# Wanted: Empfehlungen für Flash-MP3-Player

## spitzwegerich

Ich möchte einen mp3-Player verschenken und mir vielleicht auch selber einen kaufen.

Nachdem die Auswahl unglaublich groß ist, möchte ich euch gerne fragen, was ihr empfehlen bzw. wovon ihr abraten könnt. Ich frage in diesem Forum nach, weil Linux-Benutzer in Sachen Hardware oft etwas anders ticken als die breite Masse.

Mal ein paar Hausnummern:

Wichtig:

* Mit Flash-Speicher (keine Festplatte), nicht weniger als 8 GB.

* Normaler USB-Massenspeicher

* Hohe Audio-Wiedergabequalität

* Preis nicht mehr als 100 Euro (zumindest der, den ich verschenken will)

Nützlich:

* Lange Akku-Laufzeit

* Spielt ogg-Vorbis Dateien

* Vernünftige Tasten anstatt ausschließliche Bedienung über Touchpad.

Ansonstiger Schnickschnack wie Spiele oder Filme abspielen ist nicht notwendig.

Danke schonmal!

----------

## firefly

Ich kann den Sandisk Sansa Clip+ empfehlen.

Den gibt es in max 8GB Flash hat aber einen microsd karten slot wo man nochmal bis zu 16GB karten einstecken kann.

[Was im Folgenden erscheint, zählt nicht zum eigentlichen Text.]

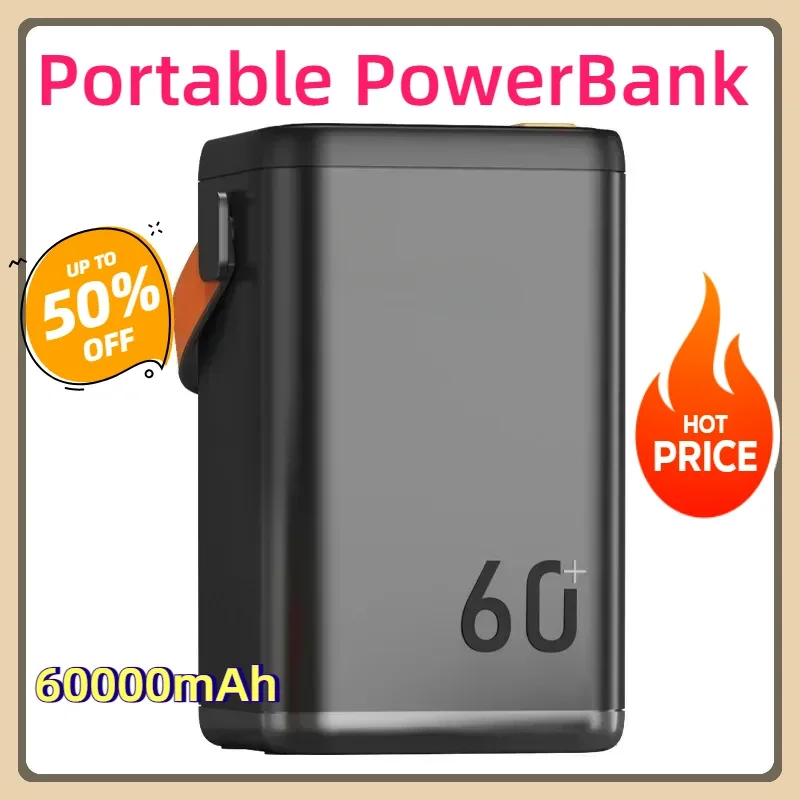 

60000mAh Outdoor Power Bank Portable PowerBank External Battery Pack PD 30W Fast Charger For Xiaomi IPhone Mobile Power Station
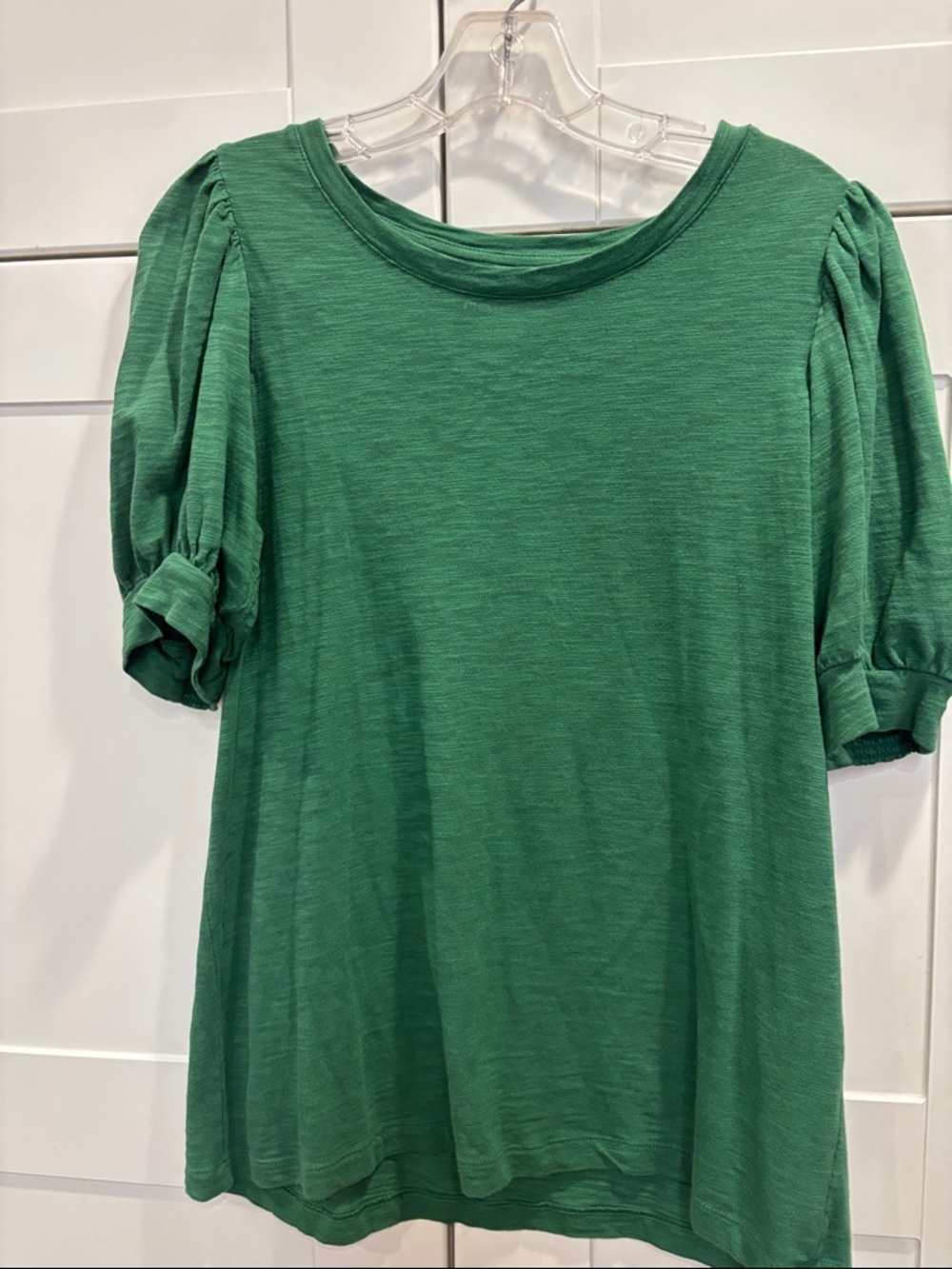 Chico's Emerald Green Short-Sleeve Puff Top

Hat ne laufzeit von ca 15Std.

Und kann neben mp3 auch ogg und flac abspielen. Die 8GB variante kostet bei amazon ca 60 €

----------

## schachti

Ich habe nur eine Negativ-Empfehlung: Sony kannst Du vergessen, die nutzen spezielle, nur unter Windows laufende Software, um die Musik auf den Stick zu bekommen. Da kann ich also nur von abraten.

----------

## ChrisJumper

Ich hab mir vor einem Jahr die Cowon iAudio 7 mit 8 GB gekauft und bin absolut zufrieden. Allerdings gibt es bei amazon nur noch die 16 GB variante und die schlägt grade mit 119€ zu buche und ist damit doppelt so teuer.

Zwar würde ich sofort nochmal zu diesem Player greifen aber für 55€ ist der Sansa Clip+ unheimlich attraktiv.

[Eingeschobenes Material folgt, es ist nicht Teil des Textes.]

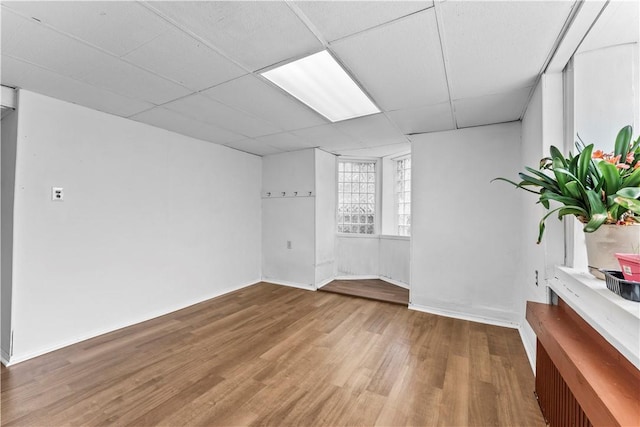 222 Marshall Ave, Observatory Hill, PA 15214 - spare room featuring wood finished floors, baseboards, and a drop ceiling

Der i-Audio lässt sich zwar nicht wie ein USB-Stick mounten und hat auch eine "merkwürdige Partitionstabelle" und lässt sich nicht einfach wie ein USB-Stick mounten. Aber sowohl GNOME als auch KDE4 mounten den Player ganz selbstverständlich nach /media/I Audio 7/.

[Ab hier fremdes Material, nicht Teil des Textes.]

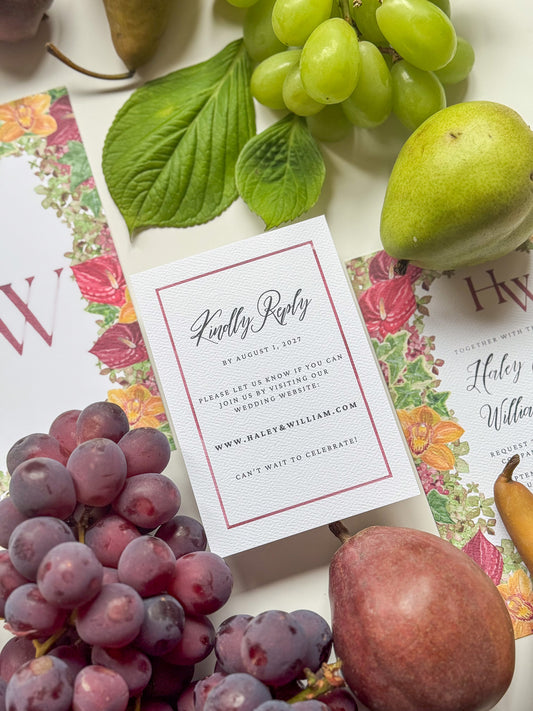 Watercolor border RSVP card with red frame, “Kindly Reply” lettering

Zu den Vorteilen zählen die komplexen Anpassungsmöglichkeiten in den Menüs, als auch das man damit aus dem Radio aufnehmen kann, man kann schleifen spielen lassen, man kann einen Schlafmodus aktivieren wenn man ein Hörbuch hört und dann möchte das sich der Player nach X-(10,30,60)Minuten ausschaltet. Auch kann man Fotos, Textdateien als auch Filme auf dem sehr kleinen Display abspielen. Aber das benutz ich nie.

Gewöhnungsbedürftig sind nur die Tasten, es sind keine Knöpfe in dem Sinne, sondern Wärme/Druck? empfindliche Schalter, so das man manchmal mit kalten Fingern Probleme hat. Auch ist das Bedienen nicht grade Simpel (aber effizient *g*) aber man gewöhnt sich nach einigen Tagen daran.

Trotzdem hab ich bisher noch keinen anderen Player in den Fingern gehabt der mir so gut gefallen hat. Der Akku hält für gefühlt recht lange. Ich höre in der Woche regelmäßig vielleicht 2-4 Stunden, aber nicht Täglich und muss den Player dann 1x im Monat aufladen. Natürlich spielt er Flac, mp3 und Vorbis-Dateien ab. Es gibt keine Möglichkeit Speicherkarten einzustecken, so wie beim Sansa Clip....

----------

## spitzwegerich

Vielen Dank für eure Hinweise!

Ich habe mir jetzt den Sansa Clip und außerdem den Fuze angeschaut. Das klingt alles sehr gut, USB-Massenspeicher, ogg vorbis und flac Dateien, aber die Tatsache dass der Player nur nach ID3-Tags sortiert und die Verzeichnisstruktur komplett ignoriert, gefällt mir überhaupt nicht.

----------

## Martux

Ich kann mich dem Lob auf den IAudio7 nur anschließen, habe die 16GB-Version. 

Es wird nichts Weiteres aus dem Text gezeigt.